Throwing cardiac rehabilitation into the 21st Century: a focus group study exploring the impact of COVID-19 on cardiac rehabilitation delivery in Victoria, Australia
Abstract
Funding Acknowledgements
Type of funding sources: None.
Background
Cardiac rehabilitation (CR) education and exercise are predominantly delivered in group face-to-face settings. This delivery model was challenged during the COVID-19 pandemic due to government enforced lockdowns which restricted the delivery of these models of care.
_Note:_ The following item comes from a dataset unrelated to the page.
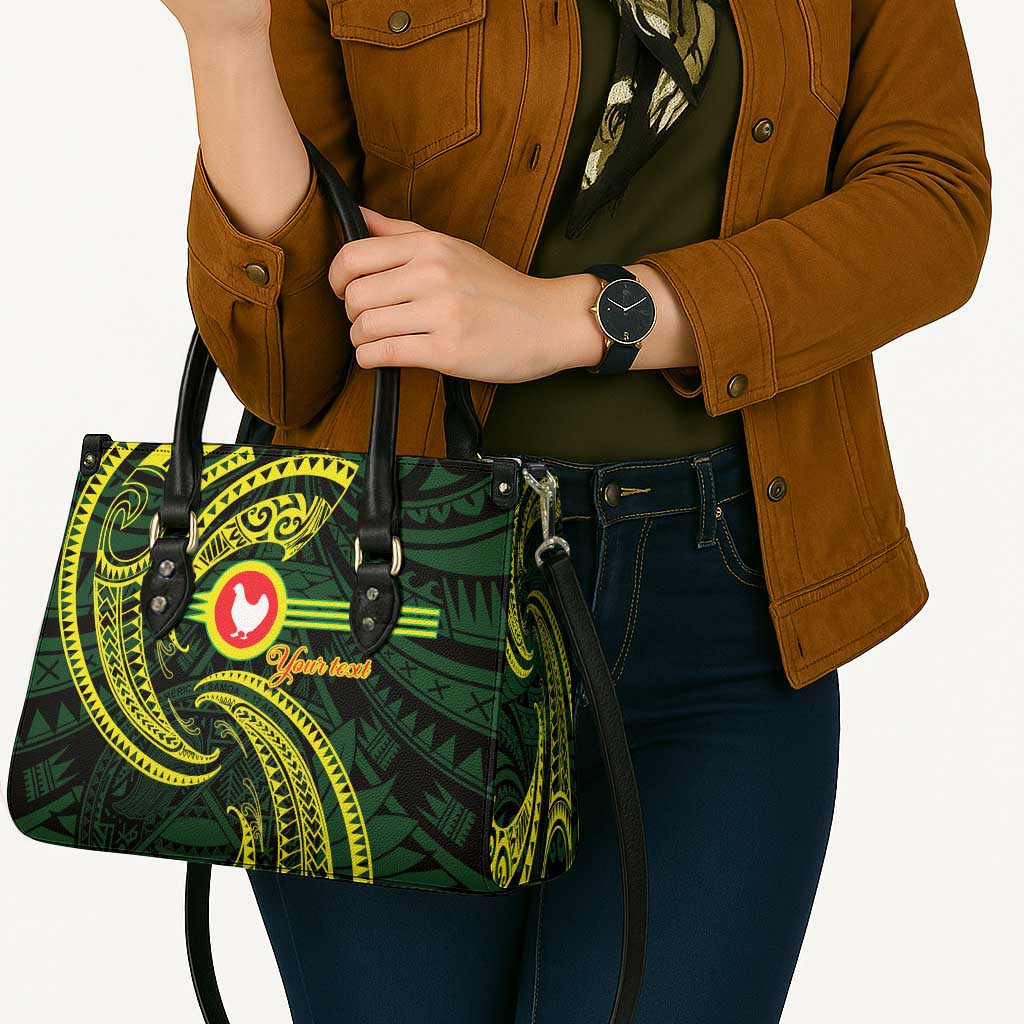 American Samoa Manua Cession Day Personalized Leather Bag Polynesian Wave Style - Polynesian Pride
The Australian state of Victoria experienced the longest and most severe local restrictions and was in lockdown for approximately 26 weeks of 2020.
Purpose
We aimed to explore the experience, barriers and enablers of delivering CR during a pandemic, and identify strategies for future COVID-safe programs among cardiac rehabilitation clinicians.
Methods
Victorian members of the Australian Cardiovascular Health and Rehabilitation Association (ACRA) were invited to attend an exploratory qualitative online focus group in November 2020. An inductive thematic analysis was undertaken before deductively applying the Non-adoption, Abandonment, Scale-up, Spread and Sustainability (NASSS) framework to identify barriers and enablers for technology adoption in CR.
Results
30 members participated in a 106 minute focus group. 17 members who provided demographics represented multiple disciplines (nursing n = 13, exercise physiology n = 3, physiotherapy n = 1) and geographical settings (metropolitan n = 10, regional n = 4, rural n = 3). Four main themes were identified: Consequences of sudden service delivery change; Technology use – challenges and benefits; Capacity (program and staff); and The way forward. The deductive NASSS analysis demonstrated the main challenges of continuing remotely delivered CR lie with all adopters (staff, patients, carers) and with organisations. Future CR strategies included the importance of resuming face-to-face programs but important barriers including finding capacity, particularly staffing, to run concurrent telehealth programs remain to be addressed.
Conclusion
The COVID-19 pandemic forced and expedited significant changes to CR delivery models. While clinicians agreed that delivery of CR via telehealth will continue, it is now timely to review remote models of care and plan how they will integrate alongside traditional face-to-face programs.